◆ Task objective
Look through the entries below and copy exactly the part that begins with the line containing "Façade : détail" and ends with the line containing "Bonita Dr — Photo 10". Do not copy the pictures.

Web page caption snippets
..........

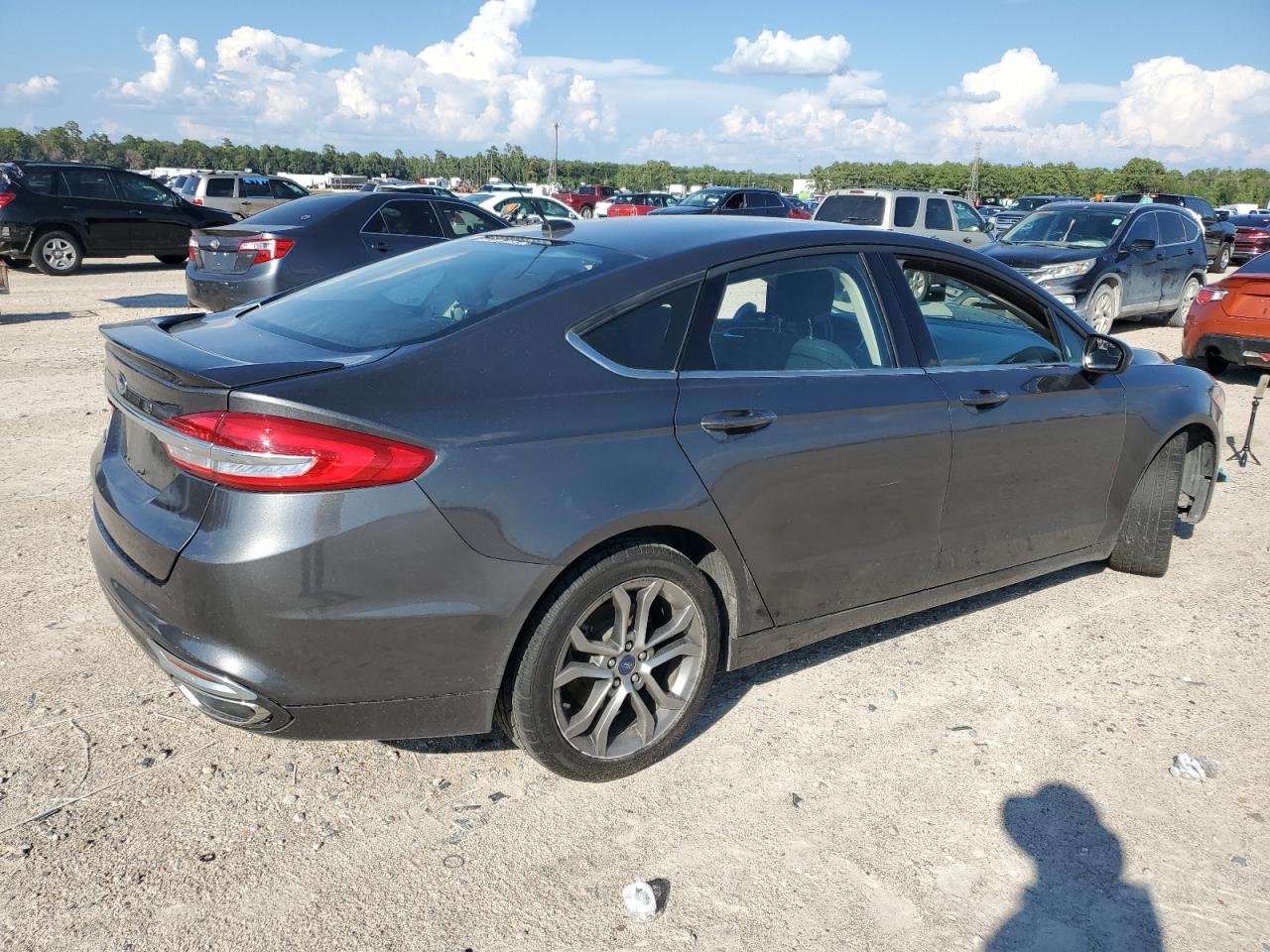 Obraz 3 z 2017 FORD FUSION S 2017 z VIN 3FA6P0G7XHR332814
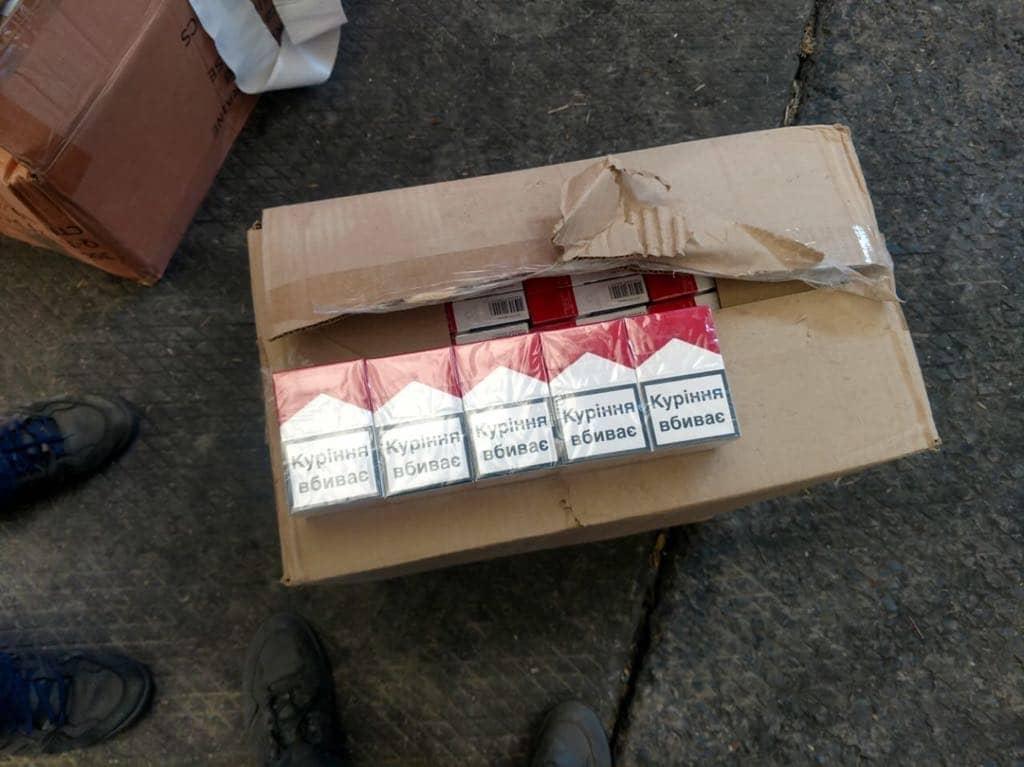 В ході перевірки серед вантажу туалетного паперу правоохоронці виявили дуже велику кількість ящиків з тютюновими виробами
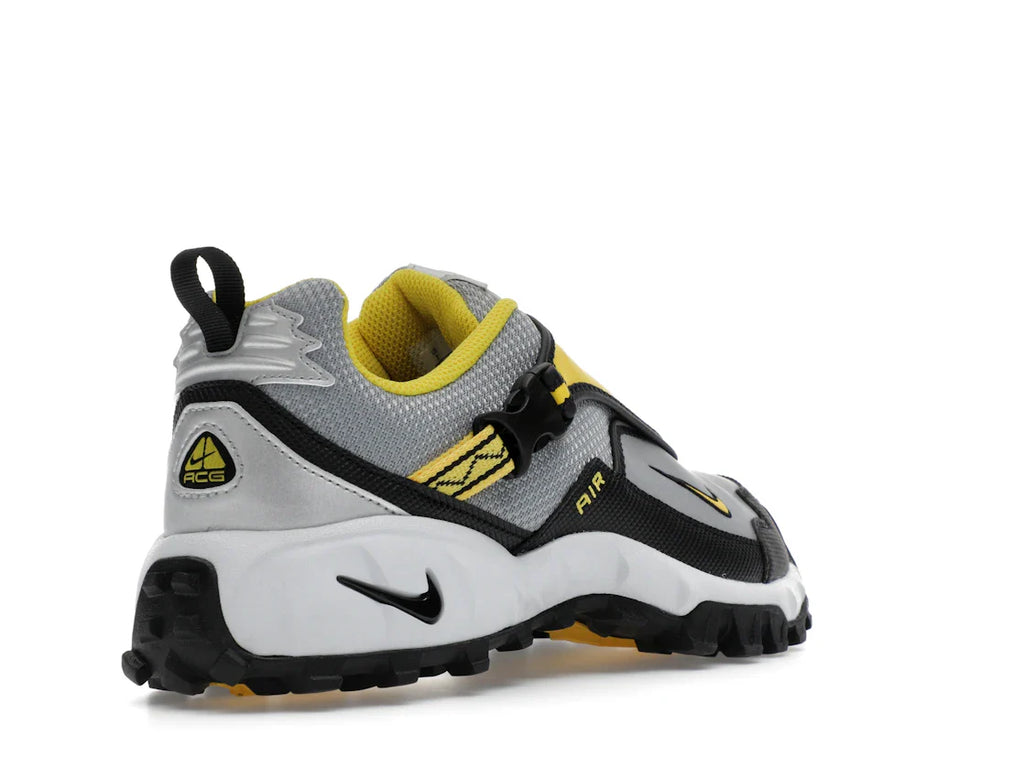 Nike ACG Phassad Yellow Zest Metallic Silver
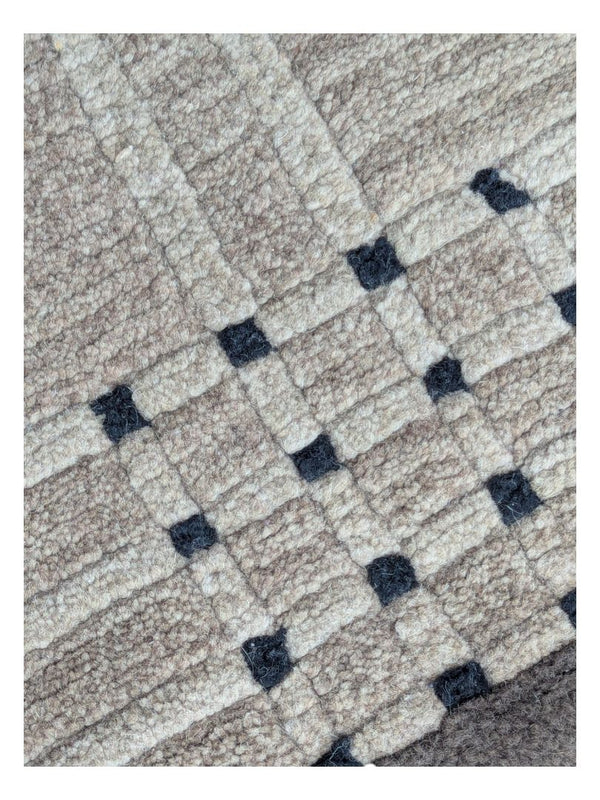 NEW Wool Hand Knotted  Pyramid Collection 5' x 8' Rug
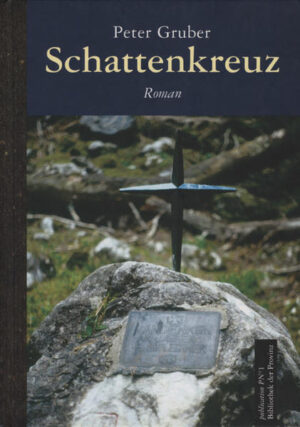 Noch schwieg der Tag am Dachstein, als Dorwald bereits unterwegs war. Jeder Frühmorgenlaut, der im Wald erwachte, erschien ihm wie ein vertrauter Gesang. Aufmerksam wie ein Raubtier, leise wie eine Wildkatze, schlich er durch das weitläufige Kar und über Geröllriesen, von Sehnsucht und heißer Lust getrieben, den Stutzen fest von seiner Hand umklammert, schussbereit, wohl wissend, dass er für plötzlich auftauchendes Hochwild die Quelle des Todes bedeuten würde. Wie von einer Übermacht berauscht, fühlte sich Dorwald mit dem Geist der Natur, dieser Wälder und der Gebirgslandschaft vereint. Er schmiegte sich unauffällig an das schroffe, felsige, waldreiche Gelände, wiegte sich gleichzeitig selig wie ein Falter, lauschte im Morgenwind, atmete die frische Gebirgsluft und war ständig auf der Lauer, um sofort jeden Laut und jede Bewegung im Morgengrauen zu orten, zu erkennen und darauf zu reagieren, sei es auf das Wild oder auf den Jäger bezogen. Für Dorwald hieß das zweifache Aufmerksamkeit, aber auch Geduld und Kondition. Doch fühlte er sich stark genug, notfalls beiden gleichzeitig begegnen zu können. Er war sich ganz sicher, dass seine volle Kraft, seine Gewandtheit und sein Spürsinn wiedergekehrt waren. Das Gefühl von Überlegenheit und Unbezwingbarkeit übermannte ihn. Dorwald empfand diese Augenblicke wie ein Wunder. So drang er mehr und mehr an diesem Montagmorgen in den Lebensraum des Wildes ein. Der Wind, der Nordwind, blies ihm ins Gesicht. Idealwind, dünkte es ihm, als er, nach Durchquerung von sehr grobem Gelände erste Äsungsflächen ausnahm und sich von Minute zu Minute das Schusslicht verbesserte. Dorwald erkannte späte Hochwildfährten, die kurz vor ihm getreten worden waren. Der abgestreifte Tau hatte dunkle Streifen im Gras stehen gelassen. […]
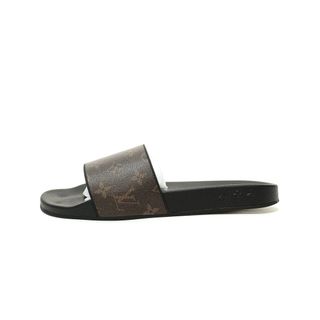 (Category: ) located in . Submitted by sneakers-shop (Listing ID 1424654930, Image 1). Description: .
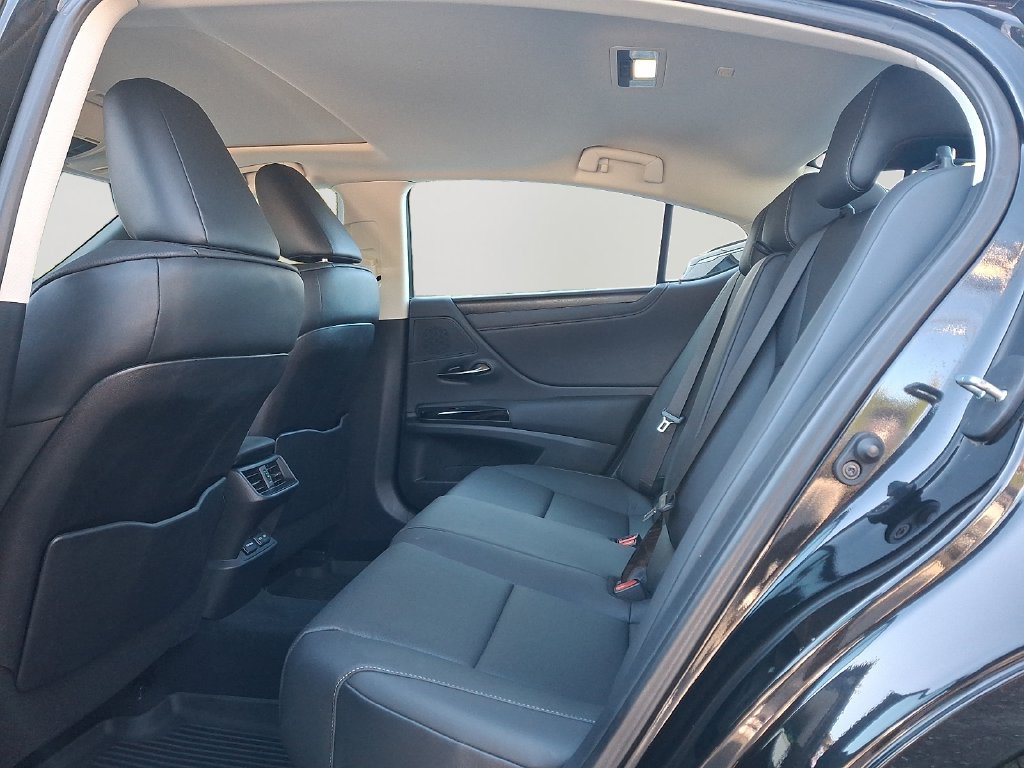 Used 2024 Lexus ES 350 w/ Premium Package FWD image 9
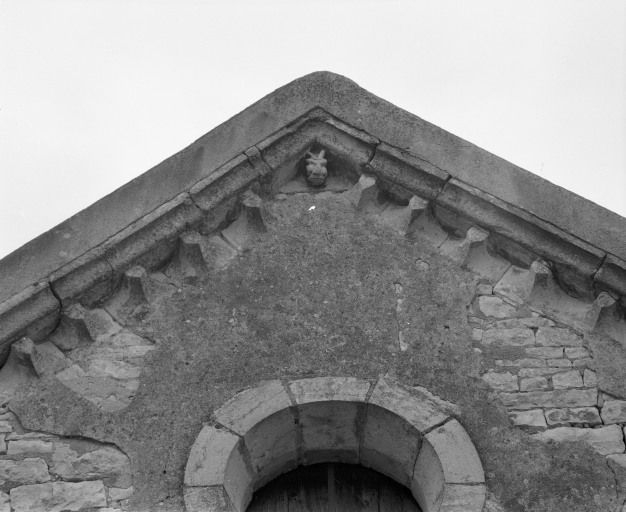 Façade : détail du pignon. © Région Bourgogne-Franche-Comté, Inventaire du patrimoine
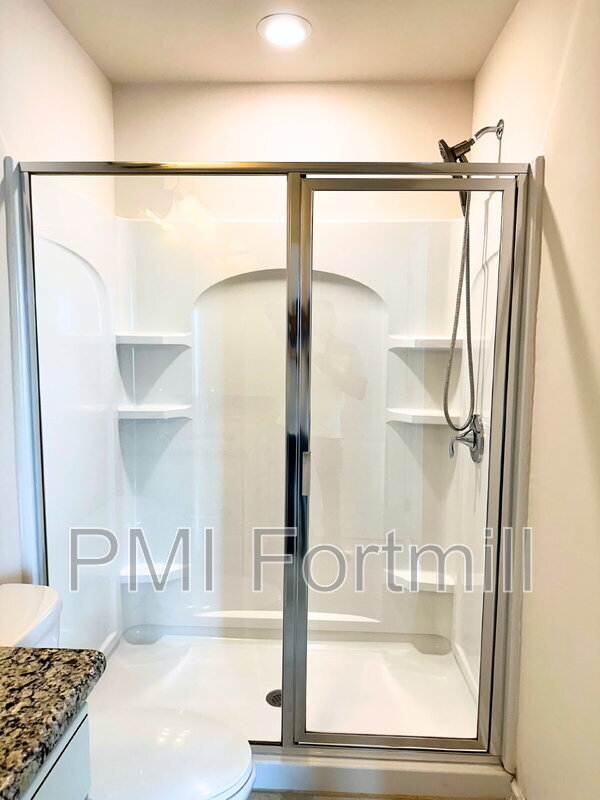Building Photo - 961 Skywater Dr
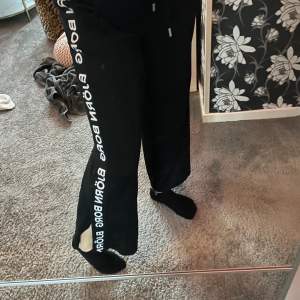 Ett par äkta Björn Borg byxor, modellen heter ”Borg Wide Track Pants”, som köptes för ett par år sedan men inte använda många gånger, köpta för ca 600kr. Jag säljer för 150 kr + frakt. 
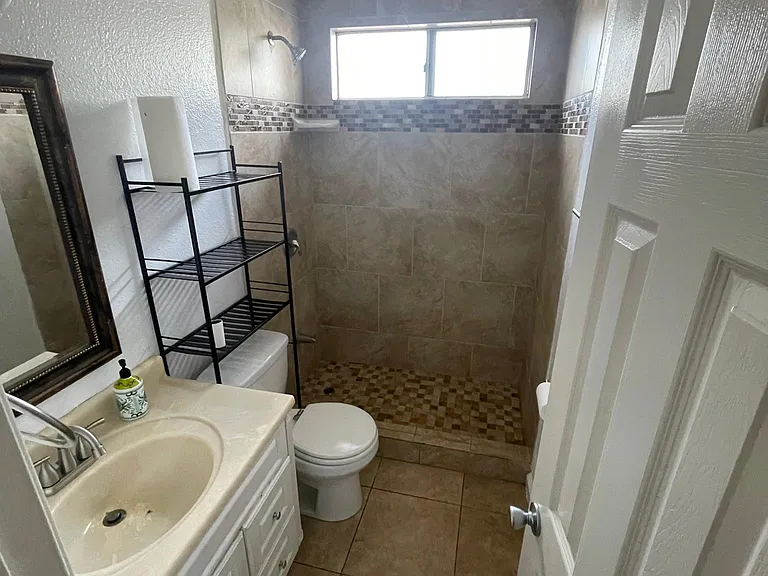 Bonita Dr — Photo 10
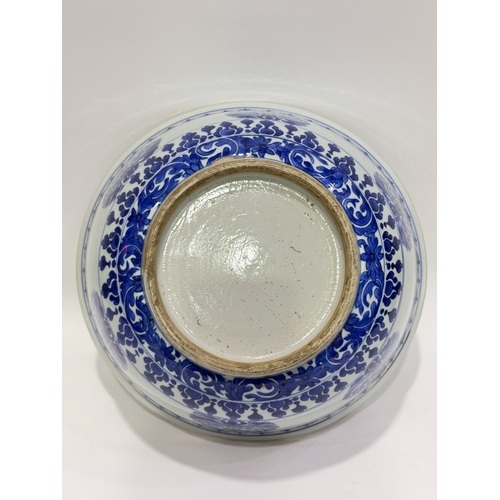 20422 - A Chinese large Blue&White bowl, Kang Xi Pr.  Size:(Height16cm, Mouth Diameter35.5cm) Condition:(Goo... 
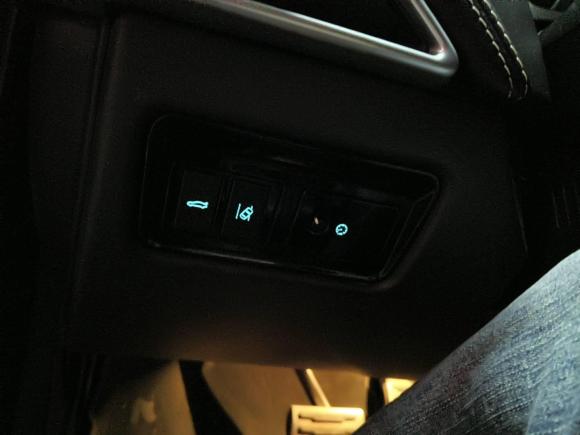 [武汉·鄂A] 二手捷豹捷豹XE2015款 2.0T 200PS R-Sport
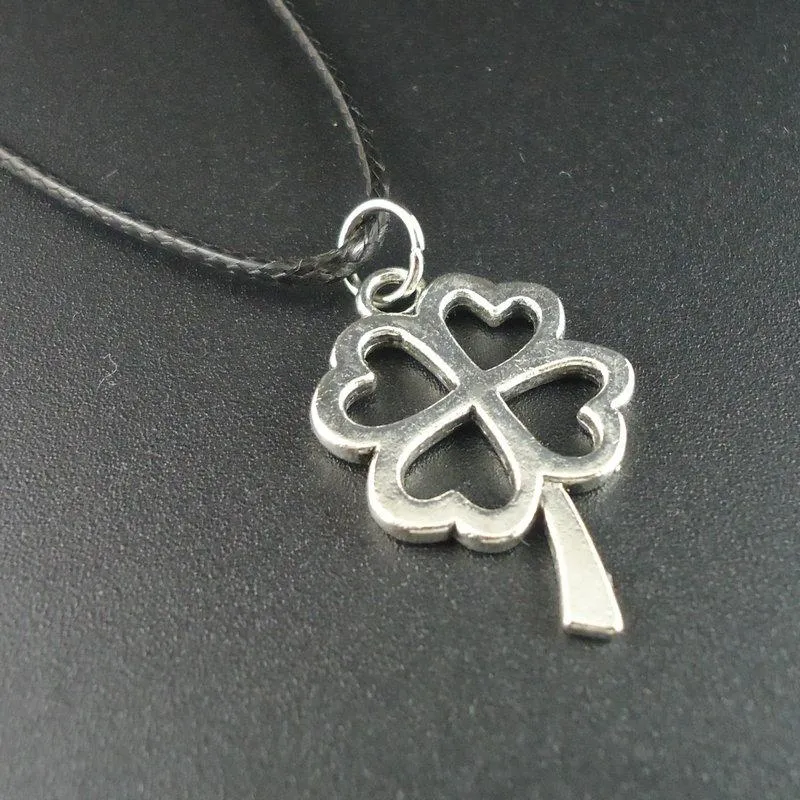 Clover Leaf Small Pendants Leather Necklaces for Women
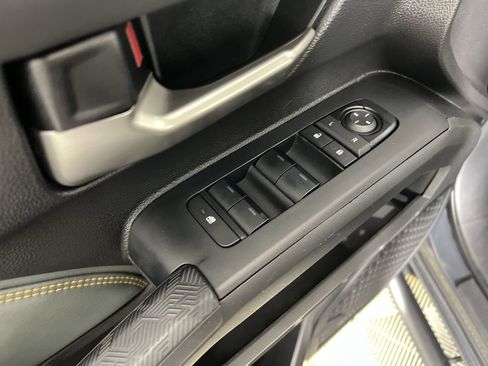 Used 2024 Toyota Tacoma Trailhunter AWD/4WD image 22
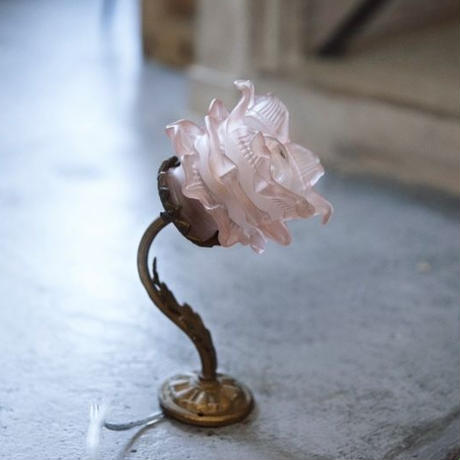 アンティークランプ フランスアンティーク  ピンクシェード 一輪の花 薔薇型 シェード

..........

◆ Response for this exercise
 Façade : détail du pignon. © Région Bourgogne-Franche-Comté, Inventaire du patrimoine
Building Photo - 961 Skywater Dr
 Ett par äkta Björn Borg byxor, modellen heter ”Borg Wide Track Pants”, som köptes för ett par år sedan men inte använda många gånger, köpta för ca 600kr. Jag säljer för 150 kr + frakt. 
 Bonita Dr — Photo 10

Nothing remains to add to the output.